As an investor, I was quick to fire shorts reminding him that Safaricom and Kenya Airways have very different fundamentals. That was until he made several changes in the management of the airline and brought in one Sebastian Mikosz, if he ever reads this I take back my words.

A bit of back ground here; who is Sebastian Mikosz?

To begin with, Mikosz KQ turn around isn’t his first rodeo, before KQ he has had great success with another Govt airliner, Lot Polish Airliner. This is an airline he headed until he fell out with powerful labour unions and as we know labour unions are blood suckers, a phrase I use and may come to haunt me later in life.

As Lot was already in bankruptcy they dialed the only 911 call to the CEO who would breath the company back to life, that man was none other than Mike Tyson look alike called Sebastian Mikosz.

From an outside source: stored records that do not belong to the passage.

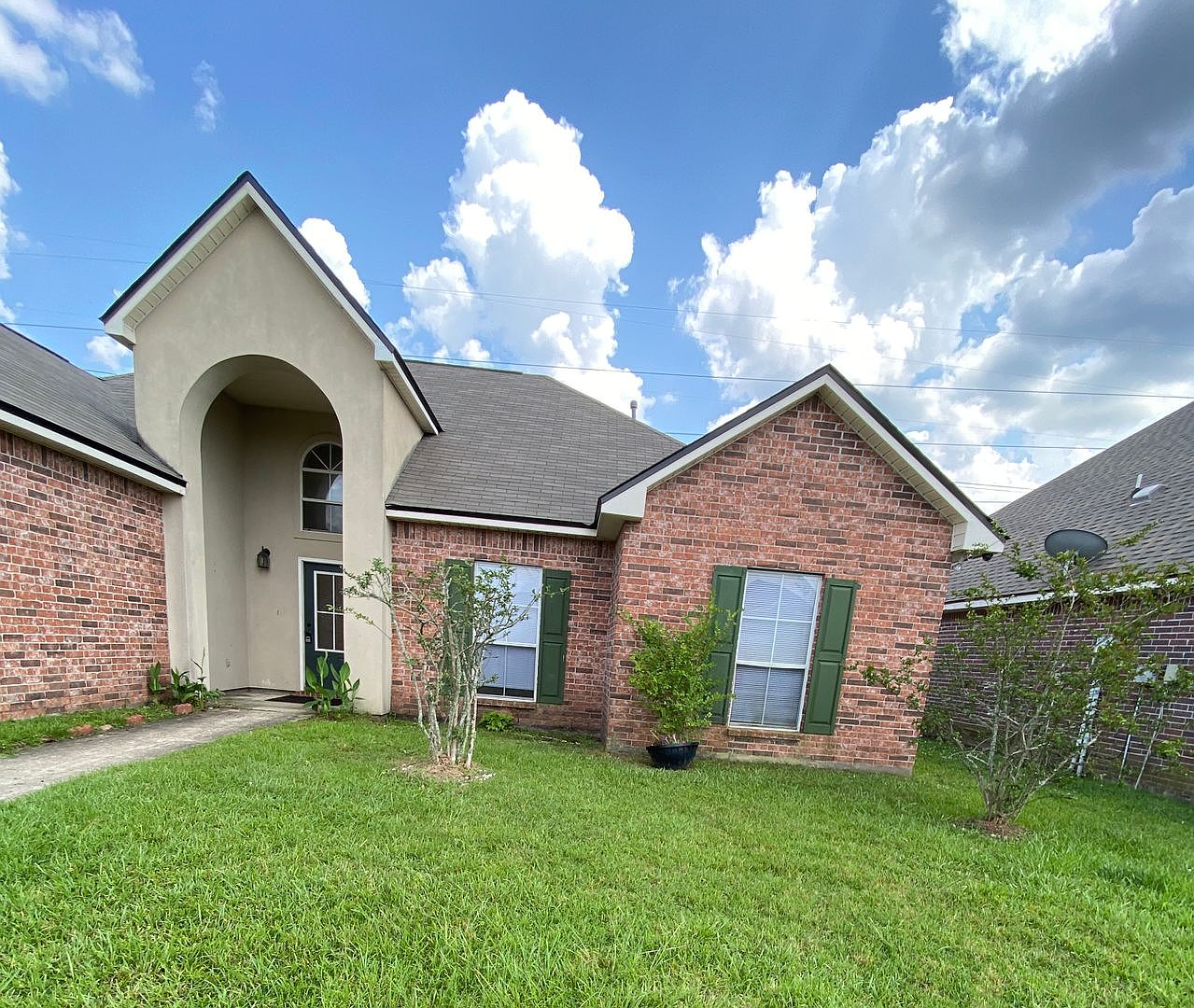 23892 Southpoint Dr, Denham Springs, LA 70726 Zillow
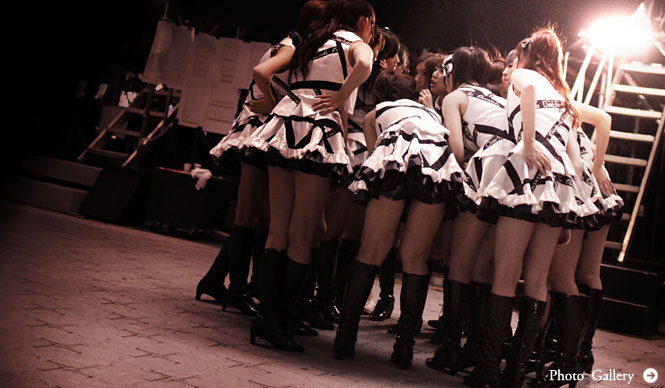 MOVIE｜『DOCUMENTARY of AKB48 Show must go on 少女たちは傷つきながら、夢を見る』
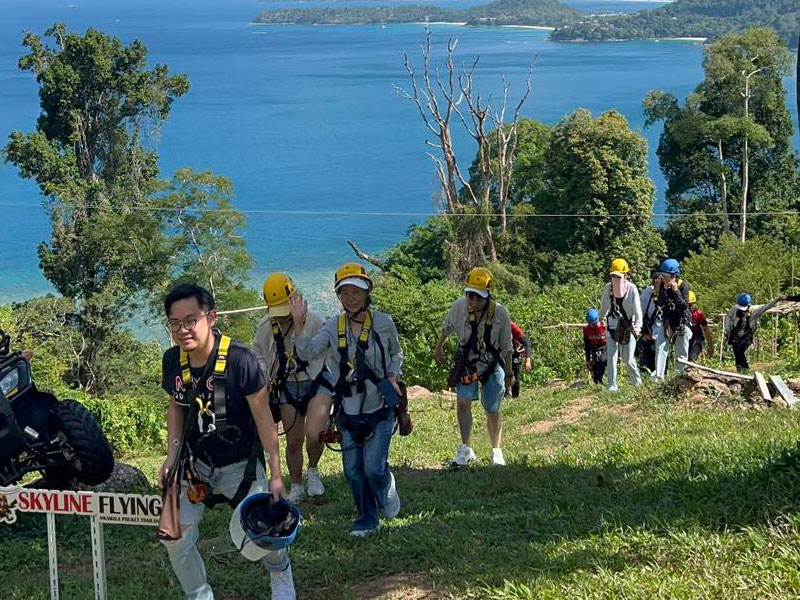 Skyline Zipline by the sea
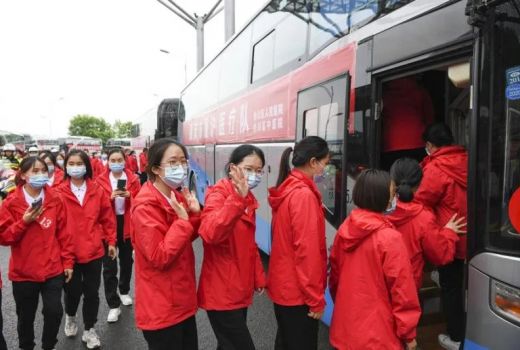 Tinggal di Bali Cari Suaka, Bule China Falun Dafa Pilih ke Taiwan - GenPI.co BALI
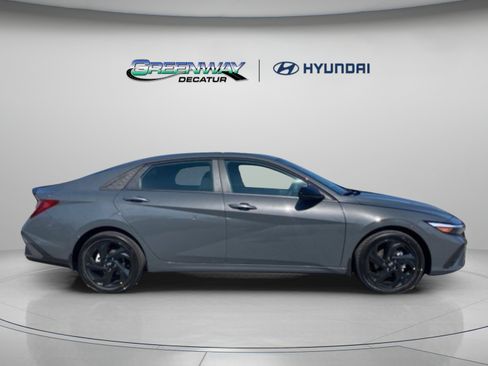 Used 2026 Hyundai Elantra Sport FWD image 8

So how did Mikosz turn around look like;

To begin with, those economy class free magazine disappeared and if you wanted a sandwich you had to whip out a credit card, looks like the free lunch in KQ will soon be gone. Lot had initially prepared to ask for as much as 1 Billion Zlotys bailout under Mikosz but that Bailout was cut to just 381 Million Zlotys.

In his own words, “We want the aid to be as small as possible,” and as Munger says, nothing much to add. Mikosz has shareholders interest at heart not to mention an addition to his turn around prowess resume when he turns around KQ.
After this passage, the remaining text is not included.